Nga noted that while Vietnam’s education sector has obtained notable achievements in recent years, it still faces several bottlenecks. These include the educational quality gap among regions, overly academic curricula and textbooks with limited practical application. Other challenges include inadequate policies for teachers that fail to encourage long-term dedication, and insufficient investment in infrastructure, especially in remote and disadvantaged areas.

Resolution 71 outlines comprehensive solutions to address these bottlenecks, such as exempting tuitions, adopting full-day schooling, and prioritising investment in boarding and semi-boarding schools in border and disadvantaged regions. Others include fundamentally reforming curricula and textbooks to ensure that they are up to date, logical and relevant to reality.

These are strong and timely policies to clear bottlenecks and create momentum for breakthroughs in education, Nga emphasised.

She highlighted three key breakthroughs in the resolution. First, education is positioned within the overall national development strategy and directly linked with industrialisation, modernisation, and international integration. Second, it stipulates that a single set of textbooks must be used nationwide and localities are allowed to add specific content to ensure both consistency and flexibility. Third, it gives priority to unprecedented policies such as tuition-free general education, full-day schooling, and the development of high-quality schools in border and island regions.
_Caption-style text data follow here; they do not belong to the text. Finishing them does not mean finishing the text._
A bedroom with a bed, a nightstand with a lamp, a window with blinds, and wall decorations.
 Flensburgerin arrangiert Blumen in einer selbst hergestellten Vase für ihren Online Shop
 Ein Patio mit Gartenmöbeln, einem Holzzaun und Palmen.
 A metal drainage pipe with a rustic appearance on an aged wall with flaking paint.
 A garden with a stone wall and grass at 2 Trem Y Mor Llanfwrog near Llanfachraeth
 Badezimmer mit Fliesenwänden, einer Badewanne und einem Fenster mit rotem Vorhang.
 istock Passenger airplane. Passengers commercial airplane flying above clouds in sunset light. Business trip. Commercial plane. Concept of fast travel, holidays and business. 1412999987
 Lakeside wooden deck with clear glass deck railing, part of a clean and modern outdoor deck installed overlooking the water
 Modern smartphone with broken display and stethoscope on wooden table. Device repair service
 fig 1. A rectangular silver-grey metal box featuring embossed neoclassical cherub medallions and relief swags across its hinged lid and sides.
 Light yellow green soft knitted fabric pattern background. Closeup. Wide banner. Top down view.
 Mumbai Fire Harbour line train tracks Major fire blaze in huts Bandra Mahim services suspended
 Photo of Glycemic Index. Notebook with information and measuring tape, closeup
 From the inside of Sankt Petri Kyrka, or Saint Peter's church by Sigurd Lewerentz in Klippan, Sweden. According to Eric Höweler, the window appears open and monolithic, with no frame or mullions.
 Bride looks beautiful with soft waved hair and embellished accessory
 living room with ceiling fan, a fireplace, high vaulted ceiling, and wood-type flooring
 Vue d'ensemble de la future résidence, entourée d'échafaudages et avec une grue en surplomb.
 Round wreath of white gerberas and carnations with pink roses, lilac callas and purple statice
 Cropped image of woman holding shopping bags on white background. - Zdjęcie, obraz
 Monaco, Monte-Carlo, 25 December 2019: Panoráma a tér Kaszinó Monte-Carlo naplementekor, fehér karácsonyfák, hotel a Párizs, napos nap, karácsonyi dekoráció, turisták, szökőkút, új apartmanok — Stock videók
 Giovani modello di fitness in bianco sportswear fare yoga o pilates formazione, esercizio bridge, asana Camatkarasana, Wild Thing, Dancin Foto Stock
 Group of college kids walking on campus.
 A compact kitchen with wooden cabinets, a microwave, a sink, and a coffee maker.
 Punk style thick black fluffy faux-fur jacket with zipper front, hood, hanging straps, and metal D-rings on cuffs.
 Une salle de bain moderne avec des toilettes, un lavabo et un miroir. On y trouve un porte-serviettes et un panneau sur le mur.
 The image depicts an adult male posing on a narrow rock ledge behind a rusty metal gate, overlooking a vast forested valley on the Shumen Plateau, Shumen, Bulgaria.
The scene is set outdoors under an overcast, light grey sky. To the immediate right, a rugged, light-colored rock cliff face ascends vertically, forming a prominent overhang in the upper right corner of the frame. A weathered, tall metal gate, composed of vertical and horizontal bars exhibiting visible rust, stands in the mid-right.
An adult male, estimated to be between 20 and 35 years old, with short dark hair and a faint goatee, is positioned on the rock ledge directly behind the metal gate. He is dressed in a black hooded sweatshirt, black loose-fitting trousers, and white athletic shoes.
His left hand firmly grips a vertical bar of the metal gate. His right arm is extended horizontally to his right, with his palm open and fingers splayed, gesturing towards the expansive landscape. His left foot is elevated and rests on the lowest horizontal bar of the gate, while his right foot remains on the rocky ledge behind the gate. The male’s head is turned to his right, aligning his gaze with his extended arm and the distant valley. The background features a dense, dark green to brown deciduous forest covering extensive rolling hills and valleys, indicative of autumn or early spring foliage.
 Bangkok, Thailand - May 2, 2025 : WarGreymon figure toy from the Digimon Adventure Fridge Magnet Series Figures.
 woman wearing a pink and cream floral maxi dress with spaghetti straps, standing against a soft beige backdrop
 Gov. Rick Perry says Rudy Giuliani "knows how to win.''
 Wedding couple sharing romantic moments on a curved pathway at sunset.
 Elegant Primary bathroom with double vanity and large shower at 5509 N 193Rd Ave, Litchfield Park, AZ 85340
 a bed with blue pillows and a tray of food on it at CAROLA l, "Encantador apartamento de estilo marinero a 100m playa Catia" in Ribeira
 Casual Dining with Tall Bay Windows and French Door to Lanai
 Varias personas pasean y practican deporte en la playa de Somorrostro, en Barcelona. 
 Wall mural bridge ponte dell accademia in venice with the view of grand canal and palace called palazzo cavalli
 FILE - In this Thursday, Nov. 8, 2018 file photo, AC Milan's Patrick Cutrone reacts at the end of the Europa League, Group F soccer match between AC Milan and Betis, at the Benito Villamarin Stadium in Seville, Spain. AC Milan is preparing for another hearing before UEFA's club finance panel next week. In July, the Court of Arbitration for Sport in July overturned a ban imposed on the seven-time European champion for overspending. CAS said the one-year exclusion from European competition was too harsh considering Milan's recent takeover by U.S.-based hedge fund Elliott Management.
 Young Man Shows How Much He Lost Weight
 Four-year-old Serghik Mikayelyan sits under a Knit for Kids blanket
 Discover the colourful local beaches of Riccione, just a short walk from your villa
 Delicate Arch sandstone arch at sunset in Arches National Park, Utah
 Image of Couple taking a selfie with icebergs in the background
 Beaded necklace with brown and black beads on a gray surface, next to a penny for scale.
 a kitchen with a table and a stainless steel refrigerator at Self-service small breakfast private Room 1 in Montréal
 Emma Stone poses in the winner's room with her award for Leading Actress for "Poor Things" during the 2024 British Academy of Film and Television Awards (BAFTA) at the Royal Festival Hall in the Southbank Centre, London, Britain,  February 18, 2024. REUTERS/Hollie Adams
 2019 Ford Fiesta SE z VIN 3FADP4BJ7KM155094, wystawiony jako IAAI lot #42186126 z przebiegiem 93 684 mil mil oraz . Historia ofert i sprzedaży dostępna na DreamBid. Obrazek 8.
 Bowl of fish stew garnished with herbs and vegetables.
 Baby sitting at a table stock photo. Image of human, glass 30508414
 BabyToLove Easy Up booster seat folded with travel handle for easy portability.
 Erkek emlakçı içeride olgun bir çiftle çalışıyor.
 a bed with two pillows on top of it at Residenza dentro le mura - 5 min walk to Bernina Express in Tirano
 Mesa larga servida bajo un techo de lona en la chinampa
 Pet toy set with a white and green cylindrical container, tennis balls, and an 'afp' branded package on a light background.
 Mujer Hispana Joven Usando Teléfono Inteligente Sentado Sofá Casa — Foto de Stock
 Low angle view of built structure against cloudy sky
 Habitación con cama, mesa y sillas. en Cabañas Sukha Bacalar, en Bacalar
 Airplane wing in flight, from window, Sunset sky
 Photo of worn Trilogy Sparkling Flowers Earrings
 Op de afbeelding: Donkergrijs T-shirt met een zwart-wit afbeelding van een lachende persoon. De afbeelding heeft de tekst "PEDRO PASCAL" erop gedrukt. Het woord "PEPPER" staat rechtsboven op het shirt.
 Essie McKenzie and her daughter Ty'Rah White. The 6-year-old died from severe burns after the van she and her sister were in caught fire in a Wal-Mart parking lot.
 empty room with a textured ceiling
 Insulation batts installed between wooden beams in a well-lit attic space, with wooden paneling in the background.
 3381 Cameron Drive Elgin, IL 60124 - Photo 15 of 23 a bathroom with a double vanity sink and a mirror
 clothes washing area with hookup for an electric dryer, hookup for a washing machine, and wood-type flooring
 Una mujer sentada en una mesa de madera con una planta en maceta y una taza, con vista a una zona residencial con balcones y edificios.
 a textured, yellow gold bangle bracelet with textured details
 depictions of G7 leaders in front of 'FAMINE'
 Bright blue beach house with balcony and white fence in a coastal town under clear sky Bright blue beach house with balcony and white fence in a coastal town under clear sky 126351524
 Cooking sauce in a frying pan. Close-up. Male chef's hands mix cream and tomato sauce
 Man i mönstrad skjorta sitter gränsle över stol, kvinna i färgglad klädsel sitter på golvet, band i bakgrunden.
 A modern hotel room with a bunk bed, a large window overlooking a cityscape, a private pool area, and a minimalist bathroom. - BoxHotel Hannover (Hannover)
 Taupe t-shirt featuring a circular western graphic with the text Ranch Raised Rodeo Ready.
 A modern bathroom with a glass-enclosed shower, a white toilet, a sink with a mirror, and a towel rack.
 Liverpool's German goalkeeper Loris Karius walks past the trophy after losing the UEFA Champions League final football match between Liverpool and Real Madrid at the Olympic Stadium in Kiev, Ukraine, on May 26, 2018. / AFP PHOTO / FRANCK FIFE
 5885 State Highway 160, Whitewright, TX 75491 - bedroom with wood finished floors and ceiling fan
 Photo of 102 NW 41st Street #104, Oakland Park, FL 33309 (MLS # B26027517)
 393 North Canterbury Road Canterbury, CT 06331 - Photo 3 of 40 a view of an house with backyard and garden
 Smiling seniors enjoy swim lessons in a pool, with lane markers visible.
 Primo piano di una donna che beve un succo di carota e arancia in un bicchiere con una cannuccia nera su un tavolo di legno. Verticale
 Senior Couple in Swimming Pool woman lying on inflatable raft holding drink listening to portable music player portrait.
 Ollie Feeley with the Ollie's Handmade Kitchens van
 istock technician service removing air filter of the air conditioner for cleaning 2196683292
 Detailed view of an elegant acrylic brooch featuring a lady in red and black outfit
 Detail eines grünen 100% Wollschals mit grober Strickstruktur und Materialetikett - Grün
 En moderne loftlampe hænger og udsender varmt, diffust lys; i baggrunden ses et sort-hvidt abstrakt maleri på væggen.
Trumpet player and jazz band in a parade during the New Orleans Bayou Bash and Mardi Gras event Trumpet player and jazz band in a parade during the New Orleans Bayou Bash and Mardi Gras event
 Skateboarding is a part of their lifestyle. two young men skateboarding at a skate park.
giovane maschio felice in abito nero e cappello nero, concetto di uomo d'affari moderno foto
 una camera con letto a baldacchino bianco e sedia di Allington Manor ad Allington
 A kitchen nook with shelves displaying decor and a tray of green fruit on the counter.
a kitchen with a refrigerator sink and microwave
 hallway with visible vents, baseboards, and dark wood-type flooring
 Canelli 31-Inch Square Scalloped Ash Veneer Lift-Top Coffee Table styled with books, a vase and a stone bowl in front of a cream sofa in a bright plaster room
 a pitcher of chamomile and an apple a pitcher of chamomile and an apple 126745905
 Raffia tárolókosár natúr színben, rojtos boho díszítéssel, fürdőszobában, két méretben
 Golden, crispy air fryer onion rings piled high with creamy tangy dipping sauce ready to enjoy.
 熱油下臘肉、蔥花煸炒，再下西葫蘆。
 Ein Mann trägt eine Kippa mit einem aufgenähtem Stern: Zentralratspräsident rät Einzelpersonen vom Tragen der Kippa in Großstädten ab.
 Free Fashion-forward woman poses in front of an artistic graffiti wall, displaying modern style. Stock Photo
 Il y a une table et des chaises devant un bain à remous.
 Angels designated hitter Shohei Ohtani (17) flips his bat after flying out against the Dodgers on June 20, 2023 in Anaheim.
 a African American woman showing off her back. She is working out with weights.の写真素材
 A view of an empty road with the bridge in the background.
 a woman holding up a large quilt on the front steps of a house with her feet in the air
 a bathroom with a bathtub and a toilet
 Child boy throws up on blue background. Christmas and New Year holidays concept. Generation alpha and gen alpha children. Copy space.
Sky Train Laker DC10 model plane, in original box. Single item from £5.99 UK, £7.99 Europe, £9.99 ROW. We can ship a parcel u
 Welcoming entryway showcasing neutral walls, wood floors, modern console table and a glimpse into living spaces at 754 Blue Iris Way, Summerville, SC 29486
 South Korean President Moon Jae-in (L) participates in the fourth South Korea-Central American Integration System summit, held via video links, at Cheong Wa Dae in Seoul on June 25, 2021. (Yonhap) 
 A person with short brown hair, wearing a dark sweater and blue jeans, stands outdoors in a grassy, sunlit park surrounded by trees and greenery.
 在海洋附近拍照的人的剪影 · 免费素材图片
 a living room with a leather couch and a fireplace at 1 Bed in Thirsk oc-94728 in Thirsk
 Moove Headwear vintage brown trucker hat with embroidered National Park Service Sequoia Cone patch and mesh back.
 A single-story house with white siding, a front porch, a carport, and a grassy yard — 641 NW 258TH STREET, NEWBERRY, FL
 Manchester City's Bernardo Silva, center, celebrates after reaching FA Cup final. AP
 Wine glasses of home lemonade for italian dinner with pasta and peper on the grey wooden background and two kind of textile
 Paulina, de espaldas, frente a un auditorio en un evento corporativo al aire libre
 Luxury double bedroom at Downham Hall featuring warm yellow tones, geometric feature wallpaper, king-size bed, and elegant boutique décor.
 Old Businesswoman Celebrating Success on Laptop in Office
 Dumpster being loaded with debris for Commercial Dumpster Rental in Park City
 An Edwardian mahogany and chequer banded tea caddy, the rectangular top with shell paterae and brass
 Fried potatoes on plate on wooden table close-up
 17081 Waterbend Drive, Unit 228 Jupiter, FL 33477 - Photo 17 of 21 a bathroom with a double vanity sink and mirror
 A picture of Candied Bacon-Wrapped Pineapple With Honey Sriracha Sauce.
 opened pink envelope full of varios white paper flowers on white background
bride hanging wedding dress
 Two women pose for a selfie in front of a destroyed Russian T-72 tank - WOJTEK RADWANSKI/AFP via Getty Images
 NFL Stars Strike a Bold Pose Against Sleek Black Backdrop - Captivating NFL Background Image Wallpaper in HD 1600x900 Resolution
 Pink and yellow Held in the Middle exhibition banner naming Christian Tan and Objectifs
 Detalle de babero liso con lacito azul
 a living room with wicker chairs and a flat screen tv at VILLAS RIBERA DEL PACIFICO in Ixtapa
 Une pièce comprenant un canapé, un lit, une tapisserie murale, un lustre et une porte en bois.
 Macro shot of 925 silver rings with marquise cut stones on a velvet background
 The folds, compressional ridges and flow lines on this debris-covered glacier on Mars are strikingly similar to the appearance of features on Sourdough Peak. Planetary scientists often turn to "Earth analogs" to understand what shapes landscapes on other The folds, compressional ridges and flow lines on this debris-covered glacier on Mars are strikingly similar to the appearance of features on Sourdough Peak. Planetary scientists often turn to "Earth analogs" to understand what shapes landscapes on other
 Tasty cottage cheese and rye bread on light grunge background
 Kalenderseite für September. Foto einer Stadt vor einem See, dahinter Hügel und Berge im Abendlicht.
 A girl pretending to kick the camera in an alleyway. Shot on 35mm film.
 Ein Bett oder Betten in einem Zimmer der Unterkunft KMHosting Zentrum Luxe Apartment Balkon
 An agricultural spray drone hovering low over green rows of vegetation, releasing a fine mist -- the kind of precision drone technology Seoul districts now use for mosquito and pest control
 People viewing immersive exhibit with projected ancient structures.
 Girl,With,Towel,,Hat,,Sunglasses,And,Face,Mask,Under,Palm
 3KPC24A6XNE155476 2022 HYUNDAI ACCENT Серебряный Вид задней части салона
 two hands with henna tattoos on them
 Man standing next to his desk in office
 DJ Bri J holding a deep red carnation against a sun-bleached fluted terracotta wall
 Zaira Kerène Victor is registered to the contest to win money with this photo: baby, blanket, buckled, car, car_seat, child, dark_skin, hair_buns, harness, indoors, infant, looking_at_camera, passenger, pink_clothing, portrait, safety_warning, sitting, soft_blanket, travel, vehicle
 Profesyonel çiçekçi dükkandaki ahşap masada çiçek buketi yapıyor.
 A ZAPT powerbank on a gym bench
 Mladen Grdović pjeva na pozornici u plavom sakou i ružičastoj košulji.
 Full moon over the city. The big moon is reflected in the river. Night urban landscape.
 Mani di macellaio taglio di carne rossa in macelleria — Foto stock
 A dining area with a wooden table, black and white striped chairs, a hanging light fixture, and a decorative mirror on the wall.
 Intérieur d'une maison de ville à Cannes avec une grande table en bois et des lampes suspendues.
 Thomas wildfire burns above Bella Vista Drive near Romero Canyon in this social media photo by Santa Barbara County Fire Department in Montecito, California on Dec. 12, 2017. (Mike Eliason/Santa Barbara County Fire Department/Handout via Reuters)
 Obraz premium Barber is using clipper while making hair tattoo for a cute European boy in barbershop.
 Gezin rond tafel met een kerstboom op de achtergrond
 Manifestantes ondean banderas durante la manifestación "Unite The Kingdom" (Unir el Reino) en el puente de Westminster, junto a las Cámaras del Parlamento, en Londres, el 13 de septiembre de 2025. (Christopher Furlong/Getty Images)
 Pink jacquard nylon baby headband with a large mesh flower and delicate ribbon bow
These breakthroughs will create a fundamental change, ensuring equal access to education while simultaneously improving training quality to help Vietnamese youth be fully prepared for the new era.

However, Nga also warned that the greatest challenge to the resolution implementation is resources – ensuring adequate funding, facilities, and teaching staff capable of meeting the very high requirements it sets. Social attitude and the adaptability of parents, students, and teachers to new changes also present a significant obstacle.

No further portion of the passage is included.